Dysgenics is the negative form of eugenics. It was used by the Nazi government as justification for persecuting and trying to eradicate minorities including the disabled, gypsies, homosexuals, and of course the Jewish people. For a novel it makes for heavy going as subject matter.

The second theme of the book was the strength of the human spirit in adversity. Having created a world, an alternate 1930’s, where eugenics had become a government policy, I dropped a group of victims into it. As a writer you get to do such cruel things. They appeared totally overmatched for the trials that were to come their way. Young, alone, and each one with a different kind of disability they were pitched against a government ministry and all of its resources. Now that is an adverse situation to find yourself in.

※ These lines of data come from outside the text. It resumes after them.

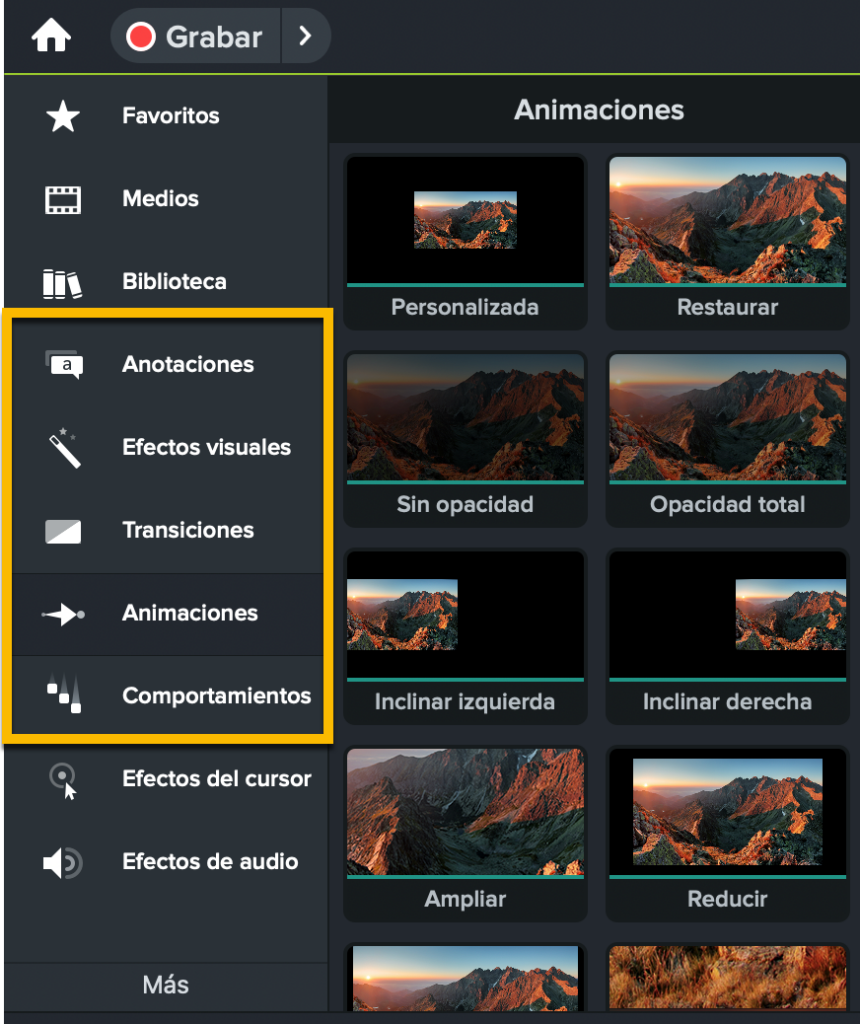 Anadir efectos y texto con Camtasia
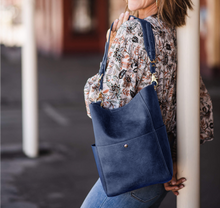 Load image into Gallery viewer, Handbag- Vegan Leather with Removable Internal Bag - Margie Bucket Bag Steel Blue
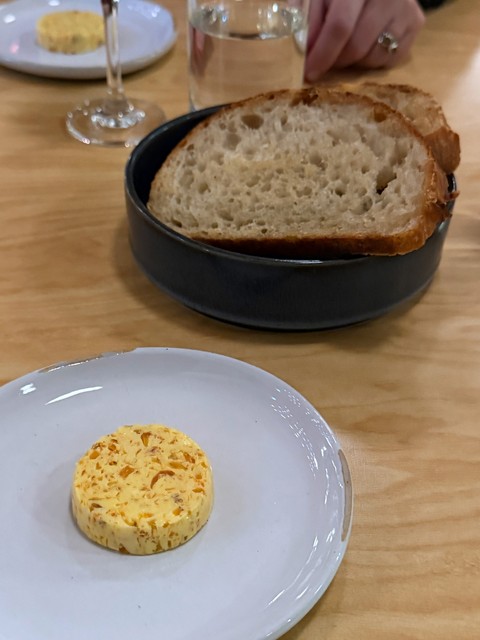 A lil bread and smoked carrot butter to start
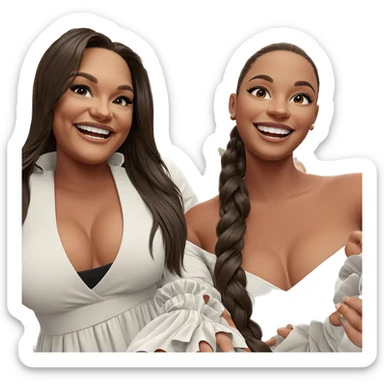 smiling girls indoors in dresses sticker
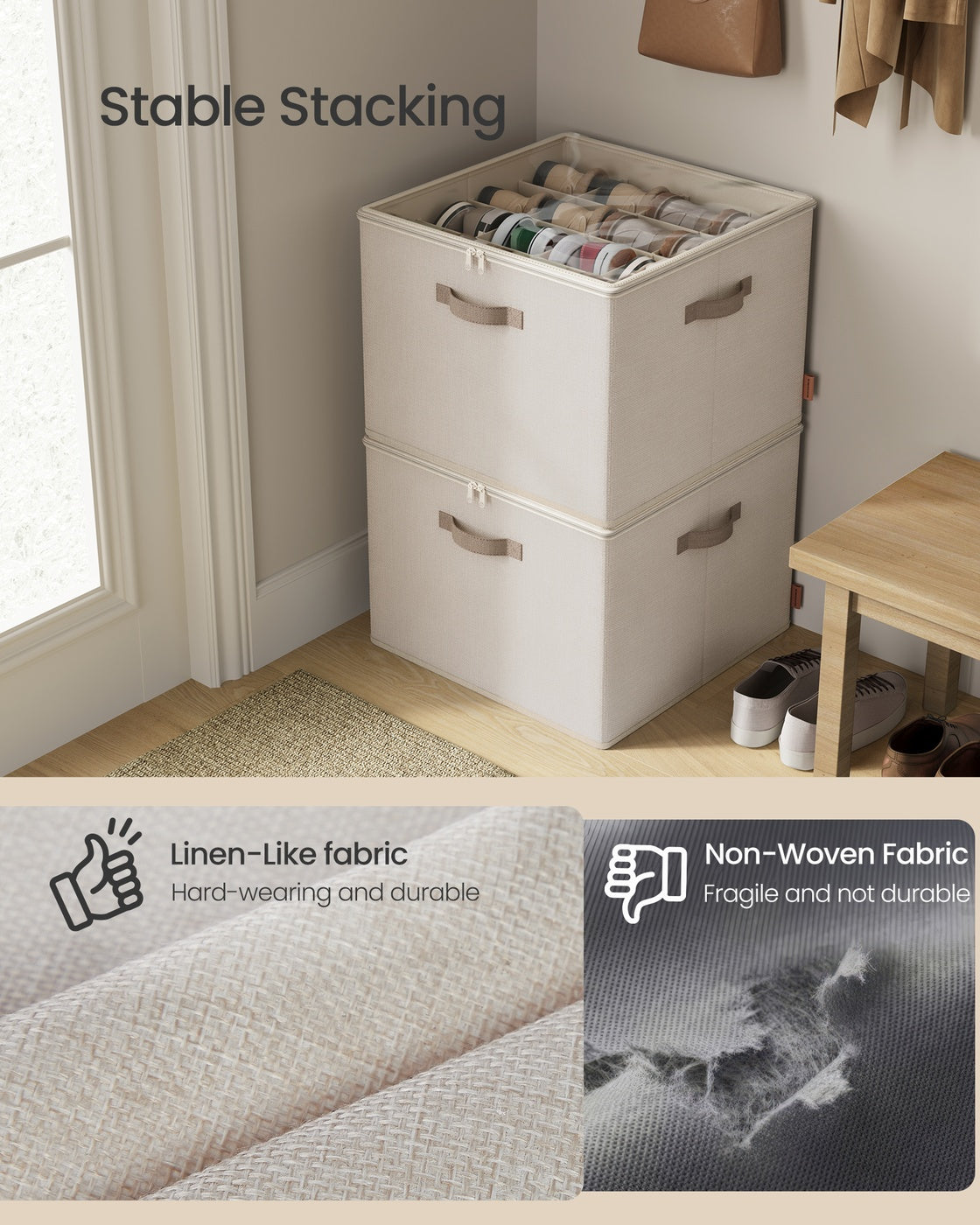Shoe Organiser for 16 Pairs Stackable - Linen-Look Fabric and Fabric - Cappuccino Beige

As the story developed, I became aware of both how dark it had become and how much darker it could get. There was a point after a young girl died following a beating from the wardens who were supposed to be looking after her that caused me to stop and think where the book was going? I had two choices, the first, was further into the dark, the second was to affect an escape and let the heroes soar. I chose the second option. I could have pushed further into the darkness. I could have written a tale of injustice and the horror of how quickly one person starts treating another in an inhuman way, but I was finding it difficult to find a way out of that situation. It did not seem enough for my characters, particularly Grace and Tom, to just survive. Also, it would require other people to make the change happen that would bring an end to their torment. In my experience people often think that those with a disability always need help when in reality the disabled just want to do things for themselves.

That was the key. I wanted Grace and Tom to become masters of their own fate. To do that they had to escape. The moment that they put their plan into action the book took a turn in direction. Instead of following the path down to a dark place it turned and went into the light. Once the chase began the element of adventure was introduced. Consciously or unconsciously, those books that I read began to exert an influence over my writing. Grace, with her missing hand and leg, Tom with his blindness, Mary with her stunted body, and Hector having to use a wheelchair, became a very unlikely group of fugitives. It was fun writing about their adventures because the very limitations that arose from the disabilities that I gave each character demanded the use of imagination to get them out of the dangerous situations that they inevitably found themselves in.

Disabled people are rarely seen in a positive light. I believe that many display an uncommon strength of human spirit in just living their daily lives. Even more so when they get to do the things that they want to do. There are very few heroes with actual disabilities in the adventure genre. I wanted to put four more up for consideration. Of course, Eugenica is a fantasy. It is a piece of speculative fiction. It does not really compare to the trials that real people have to go through each day in this so-called civilised society. The ability of such people to display their strength of spirit to achieve even mundane acts should not be underestimated. I have yet to hear from a reader who thought that Grace, Tom, Mary, and Hector were not believable within the context of the book. I have heard from a number of people that they really liked them. I would like to think that my fantastic four are remembered for their stirring exploits, riding planes, trains, and automobiles to freedom, being able to achieve their own fates, rather than as merely disabled people dependent upon others.